Open gilligan opened 11 years ago
I can't reproduce this when simply copying and opening that file.
@clausreinke This seems to come from the below code, which I believe is yours:
bufnr = int(vim.eval("bufloaded('" + file + "') ? bufnr('" + file + "') : -1"))
if bufnr != -1:
lines = vim.buffers[bufnr - 1]
else:
# etc
@marijnh yes, but I couldn't reproduce the issue, either. We do have a related bug #24 , where I suggested various debug outputs to try and look at ( @gilligan you could try some of those suggestions to see whether you can narrow down the issue). My suspicion was that the python list of buffers might get out of sync with vim's list (this is underspecified in the vim docs), but the debug outputs on the reporter's machine didn't back that suspicion.
As long as I can't reproduce the issues, I'm dependent on debug output from the reporters. And if that output says that everything seems to be fine, but things don't work anyway, I'm somewhat stumped:-(
Maybe, on the assumption that the buffer list exposed to python is buggy, go through an accessor function that does some sanity checking and swallows errors when accessing it?
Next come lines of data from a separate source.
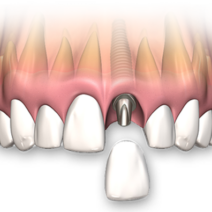 image of a single-tooth implant, showcasing a natural-looking prosthetic tooth.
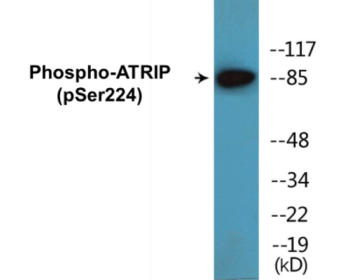Phospho-ATRIP (Ser224) Colorimetric Cell-Based ELISA Kit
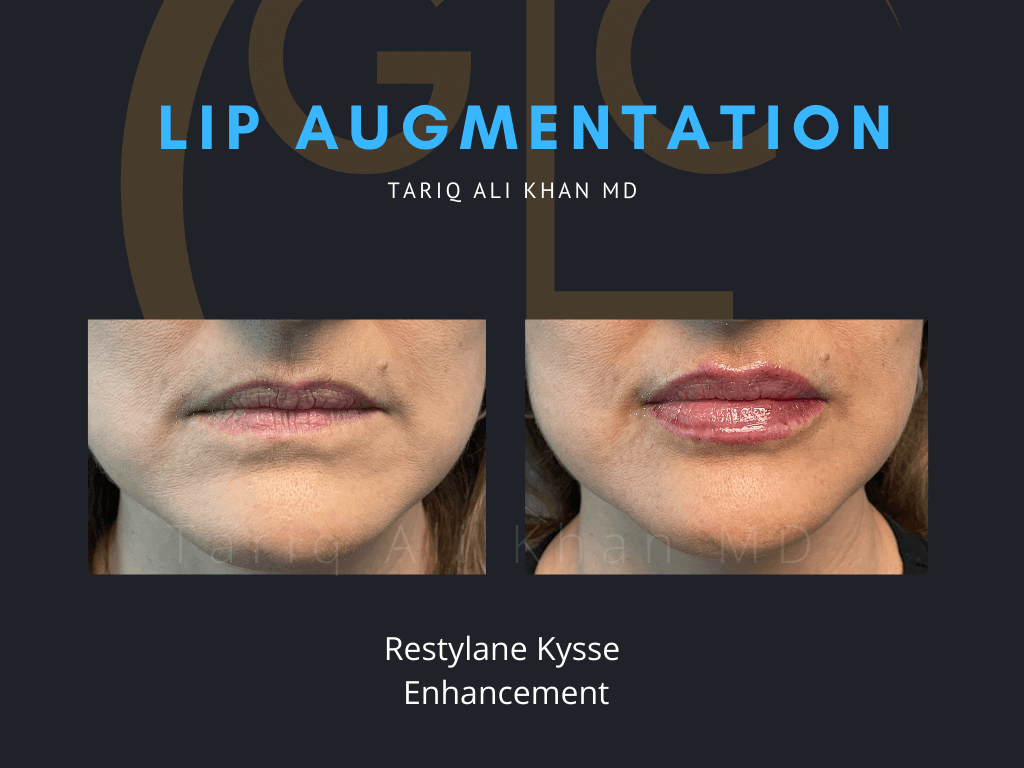 Gentle Care Laser Tustin & Long Beach Before and After picture - Lip Augmentation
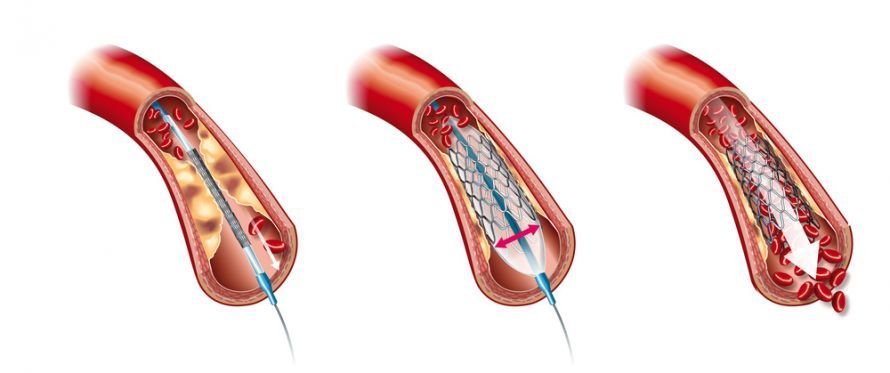 Hilfsmittel für die endovaskuläre Therapie: Ballon und Stent Hilfsmittel für die endovaskuläre Therapie: Ballon und Stent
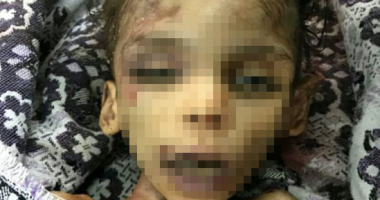 الطب الشرعى بالشرقية: الطفلة شهد ضحية خلافات زوجية وعاشت 3 أيام بذراع مفصول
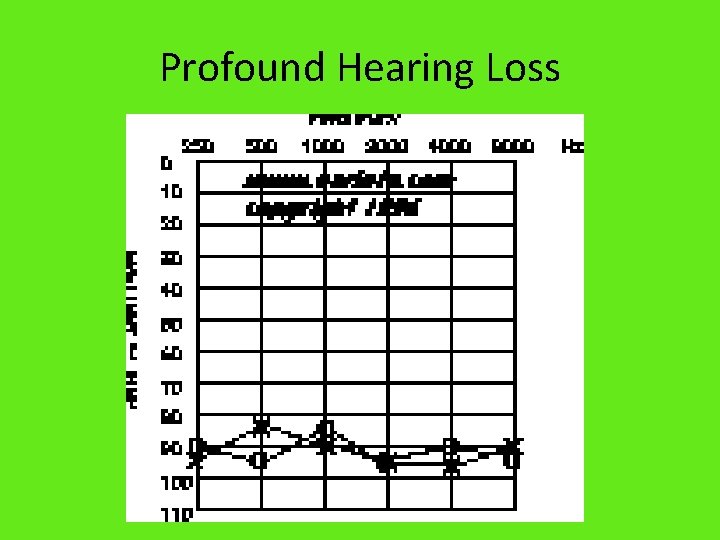 Profound Hearing Loss 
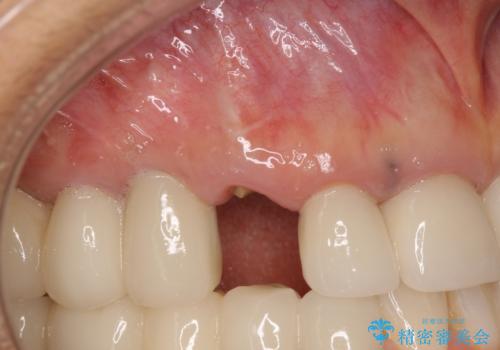 ニューヨークから1泊で通院 1DAYインプラントの治療前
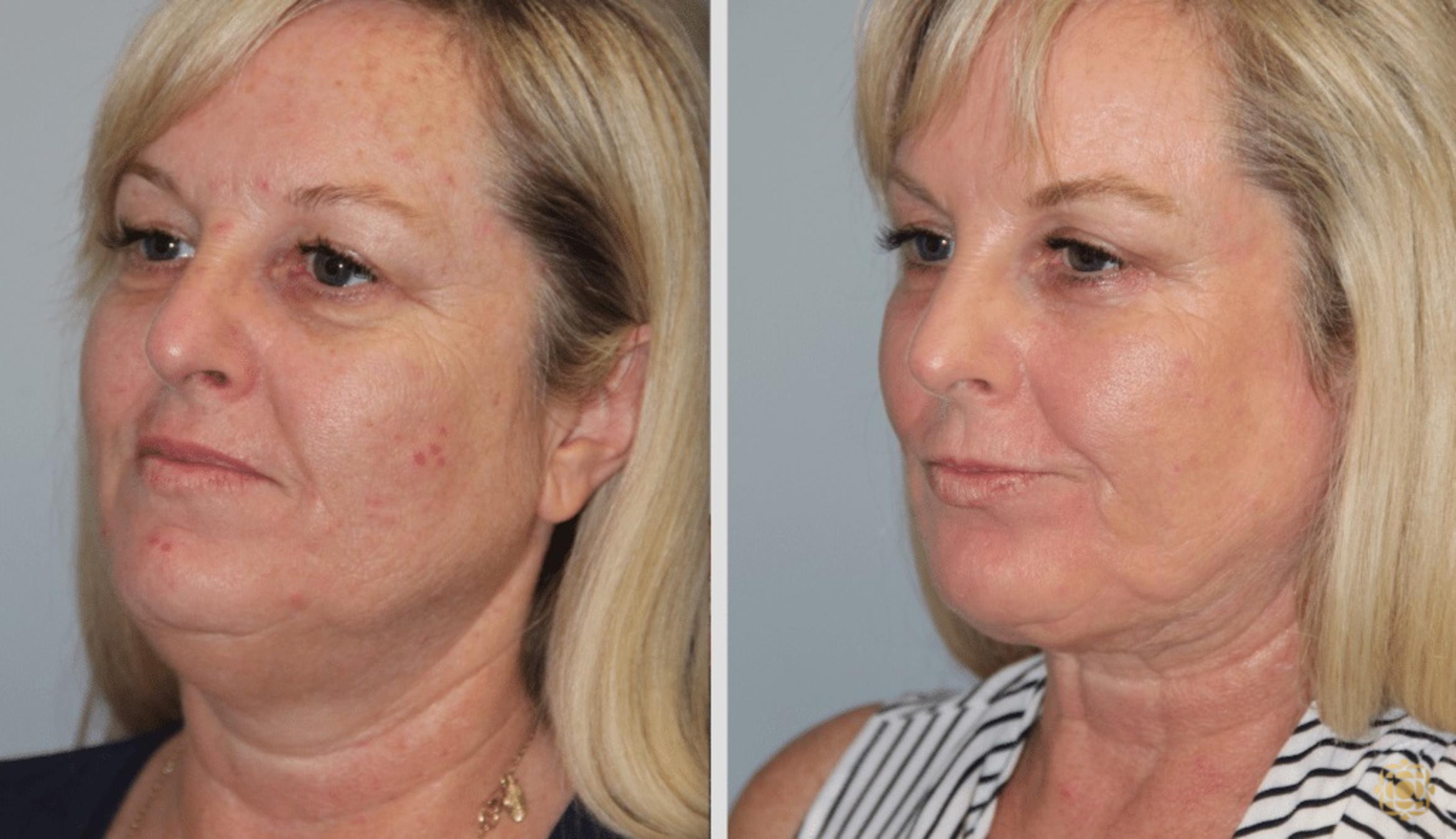 Before & After Fractional CO2 Laser Skin Resurfacing Case 397 Left Oblique View in Newport Beach, CA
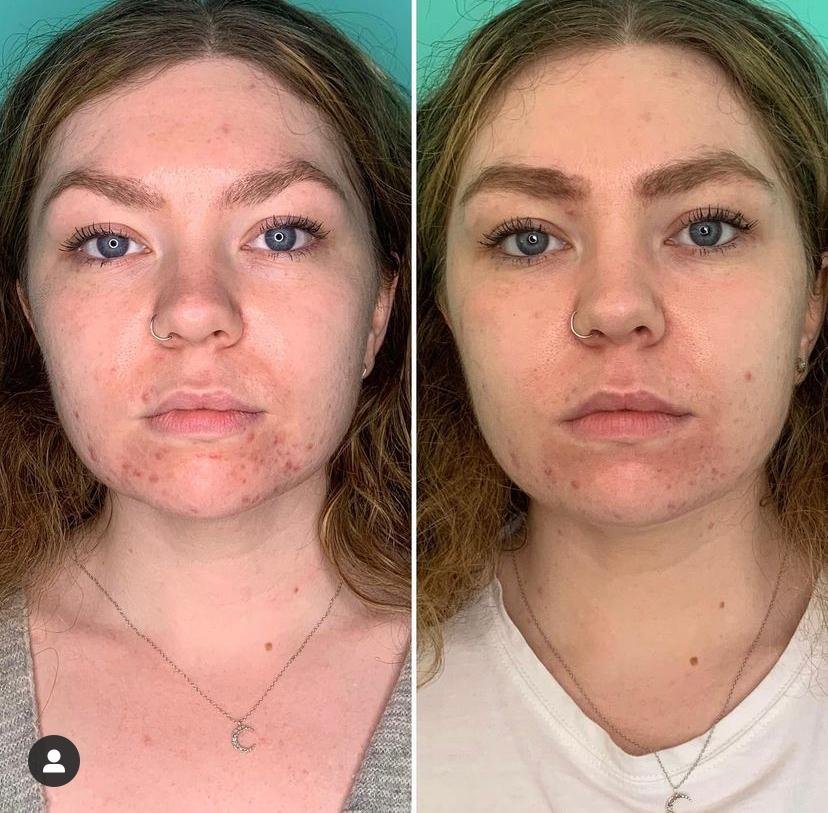 Before and after photos of acne-prone skin after one BioRePeel treatment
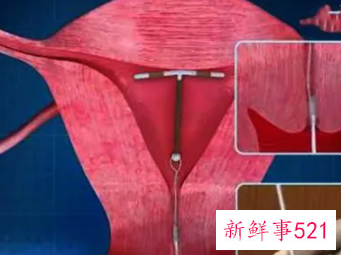 女人什么时候上环最好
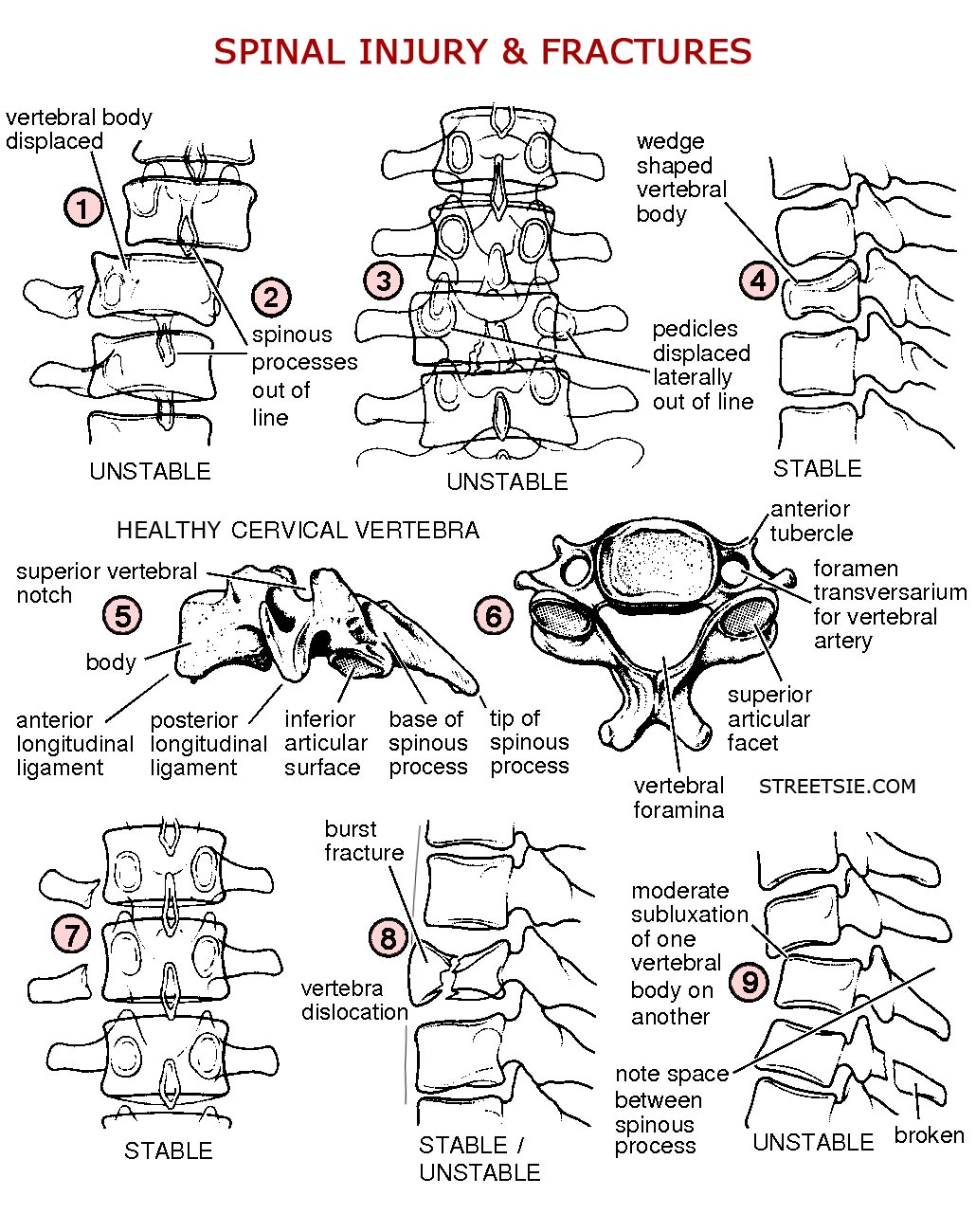 Spinal Cord Injury Radiology X-rays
That's dirty, but might be better than random failures.
Though I guess we can also leave it as is until more reports surface.
This is somewhat out of the blue but : Wasn't there some rather evil change in the buffer numbering in vim at some point ? Other than that i'll try to narrow down the issue and let you know.
@marijnh it is just a suspicion, based on the location of the errors. So far, every check (including those in #24) has tended to confirm the one-to-one buffer mapping - no confirmation of that suspicion. Even if the suspicion was correct in some obscure cases, we couldn't give better error messages, and we couldn't ignore the errors, either. We need a reproducable test case.
It's a plugin that screws things up. I'll let you know details later.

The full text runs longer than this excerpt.